• Mar 11
  • 0

Tell Me Something + Design Trilogy Box Sets

There’s a new Kickstarter project that launched yesterday that I think is fantastic: TELL ME SOMETHING, a book of photos and advice from fifty documentary filmmakers. This is a great project, and I’m not just saying that because I’m one of the fifty! There are some legendary filmmakers who are part of it, like DA Pennebaker, Albert Maysles, Barbara Kopple, Frederick Wiseman, and many more. It’s an honor for me to be included in this book.

To help the project reach their funding goal, I’ve donated five of my personal copies of the sold-out Design Trilogy Box Set to their campaign. So if you missed getting one when we did the Urbanized Kickstarter campaign, here’s your chance. And if you’ve already got a Trilogy box set, please back the project for the book, which is only $40. I think it’s going to be really special.

Categories: Film News

Update on “The Olympic City”

Greetings friends, here’s a quick update on The Olympic City, my photography collaboration with Jon Pack where we’re looking at former Olympic host cities around the world and documenting what happens once the Games are gone. Jon and I have visited 13 cities, culminating with my trip to Beijing in December (above) and Jon’s trip last week to London to document the transformation happening at the Olympic Park there. So we’ve finished photographing, and now the book is in the capable hands of our designer Paul Sahre. The book will be going to press in March, and shipping in April. If you didn’t reserve a copy through our Kickstarter campaign, the remaining 300 available copies of the book will be offered for pre-order in mid-February. I’ll post details here or on my Twitter feed.

Cheers!
-Gary

Categories: Merchandise, Musings

  • Sep 12
  • 0

R.I.P. Bill Moggridge

Bill Moggridge, legendary designer of the first laptop computer, co-founder of design firm IDEO, and director of the Cooper-Hewitt National Design Museum, passed away earlier this week after a battle with cancer. I had the honor of interviewing Bill at his home in California in 2008 for “Objectified”. He was a brilliant designer, educator, and all-around gentleman. He will be missed.

The Cooper-Hewitt has created a video tribute to Bill, and the folks at IDEO have made a website celebrating Bill’s memory. See some of the entires there or add your own.

And here’s a clip of Bill’s appearance in “Objectified”.

Bill Moggridge – clip from “Objectified” from gary hustwit on Vimeo.

Categories: Design News, Film News, Objectified

  • May 30
  • 0

A new project: The Olympic City

I’m excited to announce a new project: The Olympic City, a photo book I’m collaborating on with photographer Jon Pack that looks at the legacy of the Olympics Games in former host cities around the world. Hosting the Olympics has become a way for a city to show itself off on an international stage and generate toursim dollars, and cities spend millions or billions for the privilege. But after the events are over, the medals have been handed out, and the torch has been extinguished, what happens next?
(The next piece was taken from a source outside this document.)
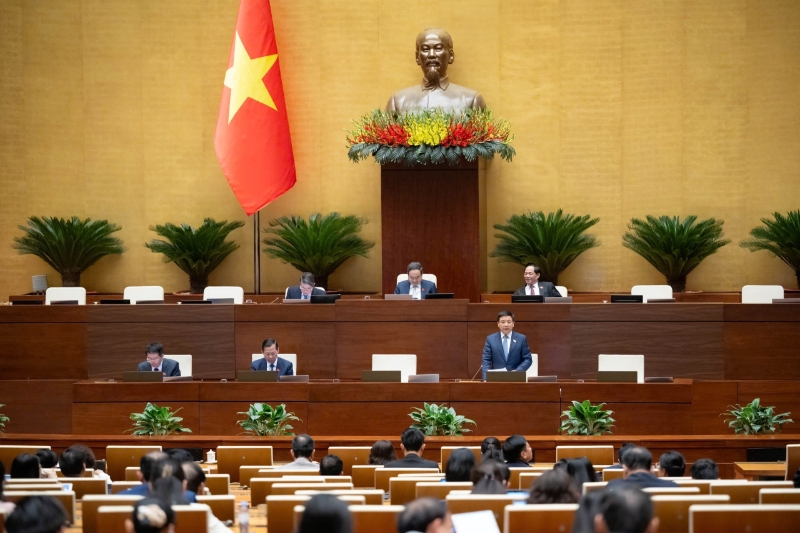 Đề xuất đánh thuế 0,1% với vàng miếng, không lo thuế chồng thuế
In The Olympic City, we’re documenting the successes and failures, the forgotten remnants and the ghosts of the Olympic spectacle. Some former Olympic sites are retrofitted and used in ways that belie their grand beginnings; turned into prisons, housing, malls, gyms, churches. Others sit unused for decades and become tragic time capsules, examples of misguided planning and broken promises of the benefits that the Games would bring. We’re interested in these disparate ideas — decay and rebirth — and how each site seems to have gone one way or the other, either by choice or circumstance. We’re equally interested in the lives of the people whose neighborhoods have been transformed by Olympic development.
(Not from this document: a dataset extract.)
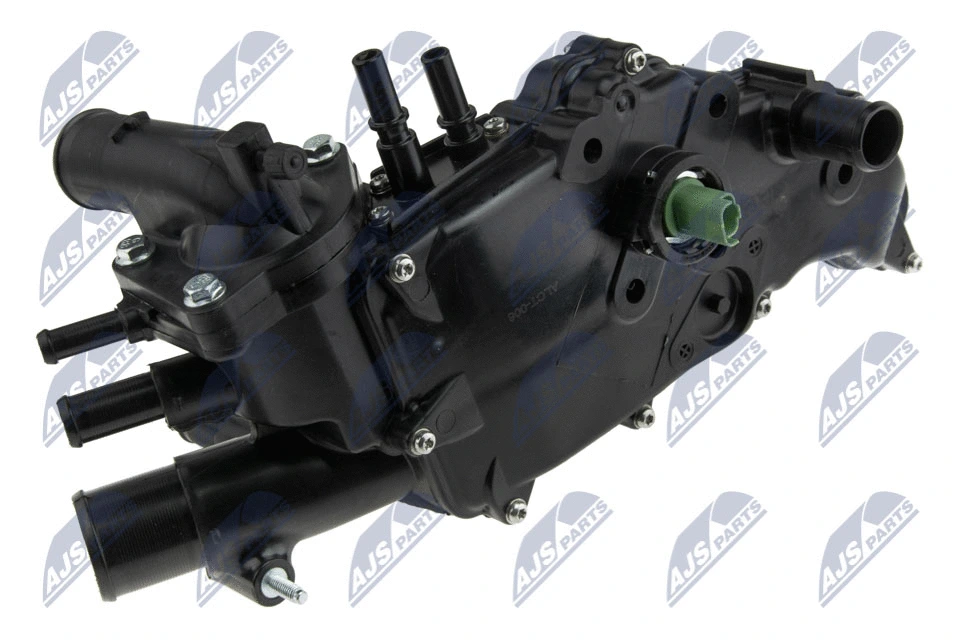 Termostato korpusas NTY CTM-CT-006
A large-format hardcover book of the photographs will be published in March, 2013, in a limited edition of 1,000 copies. We’re excited the acclaimed graphic designer Paul Sahre is designing the book. There will also be an exhibition of the photos in New York City and other cities early next year, details TBA. We’ve launched a Kickstarter campaign, you can back the project and receive copies of the book, a deleuxe version, original prints from the project, and more.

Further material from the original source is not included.